COCOA BEACH, Fla. June 21 used to be a day of celebration for Steve Knowlton.

Now, it’s just another day he has to contend with the “living hell” of dealing with his mother’s death.

Mary Knowlton, who would have turned 74 on Wednesday, was killed Aug. 9, 2016 in a “shoot-don’t shoot” training exercise that was a part of a citizens police academy. She was struck by live ammunition from the gun of former Punta Gorda officer Lee Coel, who was supposed to be shooting blanks.

“I still have, you know, there’s bitterness and anger in me,” Steve Knowlton, Mary’s son, said Wednesday. “Resentment. Wondering why God didn’t step in.”

Knowlton wonders, too, why Punta Gorda police chief Tom Lewis is aggressively fighting the second-degree misdemeanor culpable negligence charge against him. Days after the shooting, Lewis said he accepted “full responsibility for the actions of my department, my officers, and the bottom line is I am 100 percent accountable.”

“Now it’s the total opposite,” Knowlton said. “He has not taken full responsibility for this. He’s copping out.”

Punta Gorda Police Chief Tom Lewis

Lewis, whose trial is set to begin Friday, is fighting to get the charge against him thrown out. Lewis’ attorneys want the term “culpable negligence” defined for the jury before the trial begins.

An attorney for Lewis has yet to respond to a request for comment.

Knowlton worries his mother’s memory is being obscured by the legal back-and-forth. The publicity of the case, and particularly a more than $2 million settlement the family reached with the city, has led to some nasty comments, he said.

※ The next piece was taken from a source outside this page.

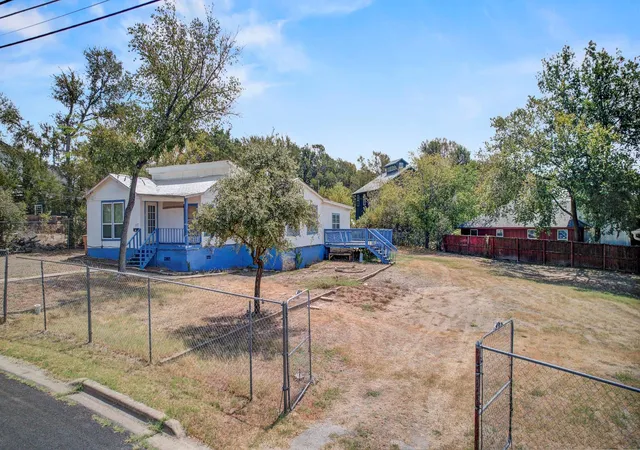 Photo 2 of Single family home for sale at 1117 Mansell Ave, Austin, TX 78721 | MLS# 5574702 | Listing updated on 2026-09-01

“We’ve had a few people come up and say, ‘Do you think you got enough money?’ in a sarcastic way,” Knowlton said. “No amount of money is going to take the place of my mom. I would rather be penniless, homeless, digging out of a garbage can if she was still alive.”

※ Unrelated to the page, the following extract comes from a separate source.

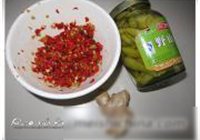 双椒鱼头的做法 步骤3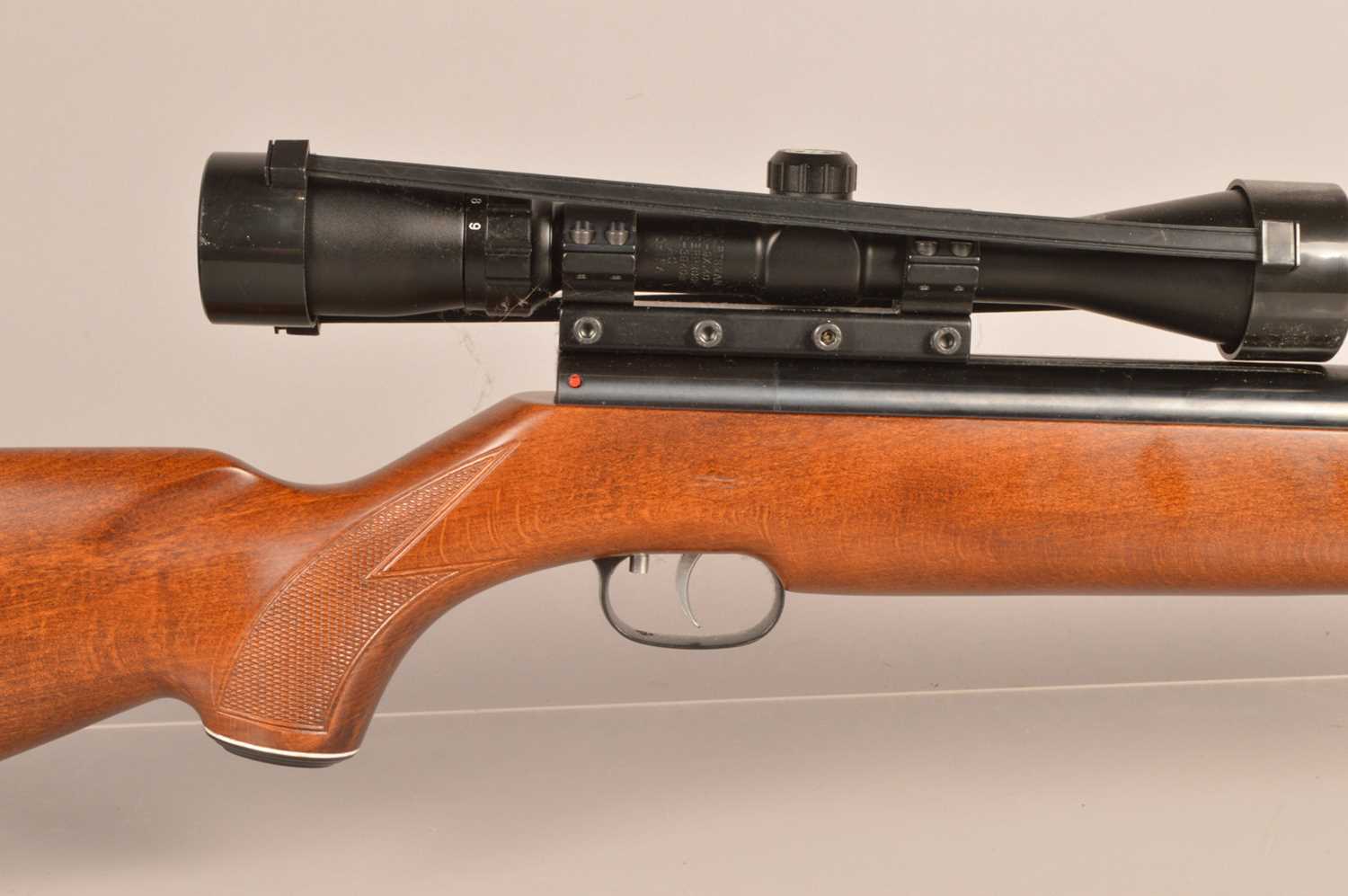 Lot 950 - A Weihrauch HW77K .22 Under Lever Air Rifle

Knowlton, who lives in Cocoa Beach, said he loves Punta Gorda but finds it difficult to reckon with the notion that some restaurants he used to visit there raised money for Lewis’ legal defense.

“It just doesn’t sit well,” he said. 

Knowlton said he was “amazed” at the outpouring of the support he received in the initial aftermath of the shooting but said that changed after a few weeks.

“The smoke clears and you find out who really supports you,” he said.

It bothered Knowlton that City Manager Howard Kunik, on the day he announced Lewis was placed on paid administrative leave, called Lewis “an honorable man.”

“I mean, I can be a great guy and I can drink a whole bottle of vodka, get in my car and kill somebody,” Knowlton said. “But being a great guy, would that get me off of charges against me?”

Knowlton criticized Lewis for employing Coel, an officer with a checkered past, and for using him as the “bad guy” in the training exercise.

“I know that nobody woke up that morning and wanted to kill somebody. I know that wasn’t their motives, but the carelessness involved in the whole procedure and the department — it was an accident waiting to happen.”

For Knowlton, the memory of his mother’s death with never go away. Normally, he and his mother would spend her birthday on the beach.

“She would be there and then I would come in and we would talk for hours just about life, and I miss that,” he said. “She was a huge part of my soul, and after this happened it ripped that part out of me and the rest of my family.”